Cette notion de « consentement » est au cœur des ateliers partagés avec les animaux et, notamment, les personnes au parcours de vie fracassé par des traumatismes de violences physiques et/ou psychologiques. Parce que pour se (re)construire, il est essentiel de connaître et d’identifier, à chaque instant, ses besoins, d’apprendre à les écouter et à y répondre, d’apprendre ses limites, d’apprendre à s’engager mais, également d’apprendre à dire “non”.

La compréhension et l’intégration de cette notion de « consentement » est essentielle pour ces personnes qui souffrent de blessures de l’attachement car, elles-mêmes éprouvent dans leur propre corps le manque de sécurité intérieure.

« Apprendre à tricoter de nouveaux liens » (expression du neuropsychiatre Boris Cyrulnick) leur permet de retrouver confiance dans la relation, de vivre une relation d’attachement fondée sur l’intimité émotionnelle et la sécurité et, leur permet, avec le temps, de modifier leurs « modèles internes opérant » (concept du psychiatre John Bowlby) et d’ouvrir le champ de nouveaux possibles.

La compréhension, l’intégration et le respect de cette notion de « consentement » nourrit l’amour des autres vis-à-vis de soi et fait renaître l’amour de soi par l’intériorisation de ces relations secures. Cet amour de soi permet de développer une relation nouvelle à soi-même et pour soi-même.


L’animal qui ne dit mot nous parle pourtant beaucoup
et nous exprime des demandes en séance au travers de ses postures, son corps, avec son regard, ces propositions (ou l’absence de propositions). Ce sont tous ces indicateurs de communication qui sont observés durant les séances de médiation tant pour garantir le bien-être de nos animaux en séance, que pour permettre aux personnes accompagnées d’apprendre, de comprendre et d’intégrer ces indicateurs pour les autres-animaux, dans un premier temps, et pour elles-mêmes finalement.

C’est pourquoi, et est essentiel et porteur de sens, pour ces personnes, de :

  • apprendre à observer, en séance, l’expression des besoins éthologiques des animaux,
  • apprendre à obtenir le consentement express de l’animal dans la rencontre sans violence, tromperie, conditionnement,
  • apprendre à observer l’expression du « non » de l’animal, les limites de l’animal.

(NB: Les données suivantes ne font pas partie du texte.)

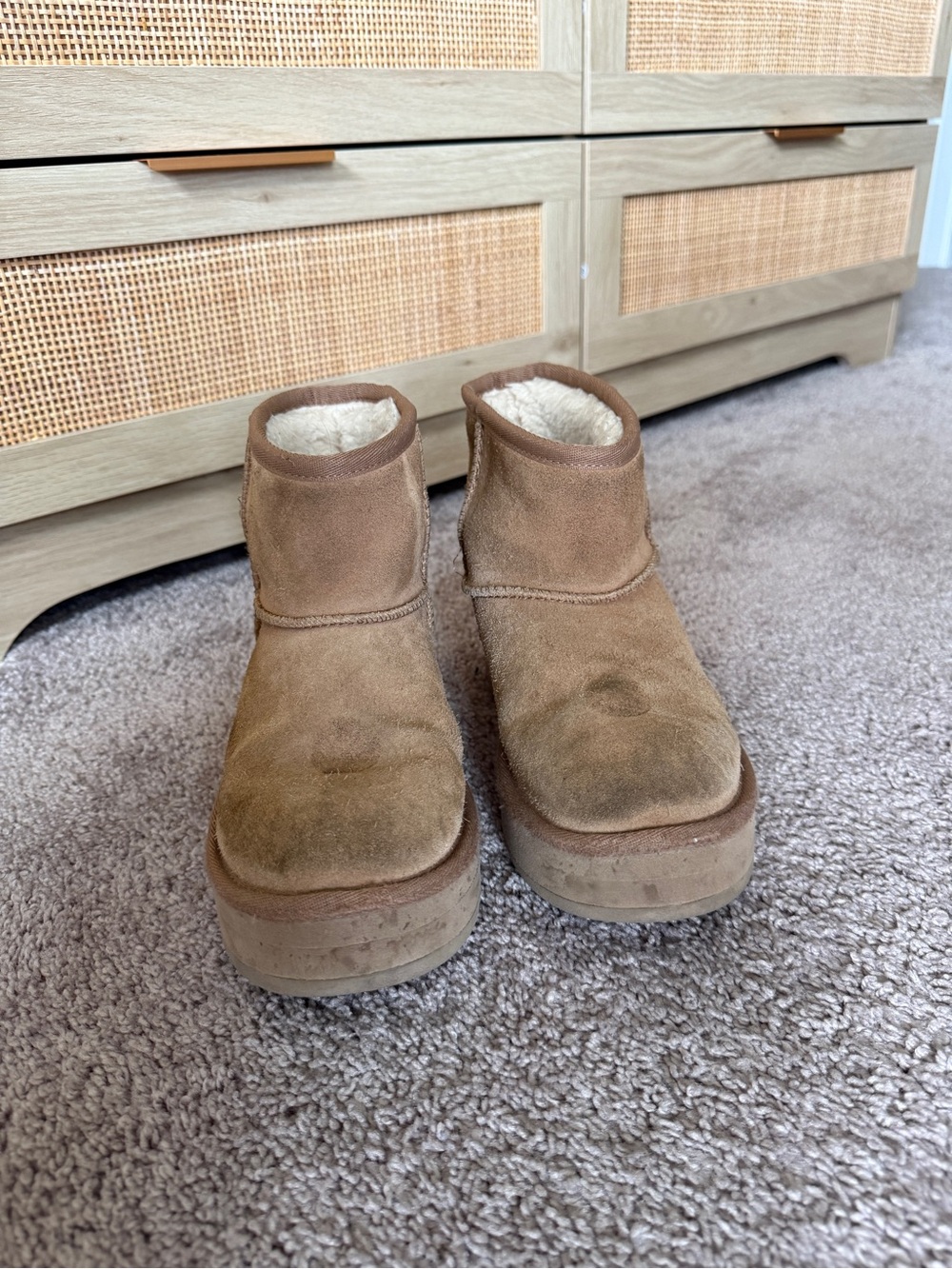 UGG Chestnut Shearling-Lined Suede Slip-On Boots - Picture 8 of 9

Parce qu’en effet, l’animal qui dit « non » avec son corps, au travers d’une réaction n’a jamais l’intention de rejeter, d’abandonner, d’humilier, de mépriser, de violenter la personne qui vient à sa rencontre. Il est juste, à cet instant-là, en train d’exprimer ce dont il a besoin pour, lui-même, rester en sécurité et répondre à ses propres besoins vitaux et relationnels.

Cette observation permet aussi d’apprendre, de comprendre et d’intégrer la notion de « singularité » propre à chaque être vivant quelle que soit son espèce et, finalement, à la respecter, sans la nier, ou chercher à la modifier, ou à la contraindre.

C’est alors que la rencontre est une véritable rencontre authentique de l’expression de deux libertés, celle de l’animal et celle de l’humain.

Cette libération des schémas du passé que l’humain recherche tant tout au long de sa vie, se joue là, à mon sens, au travers de la rencontre consentie expressément.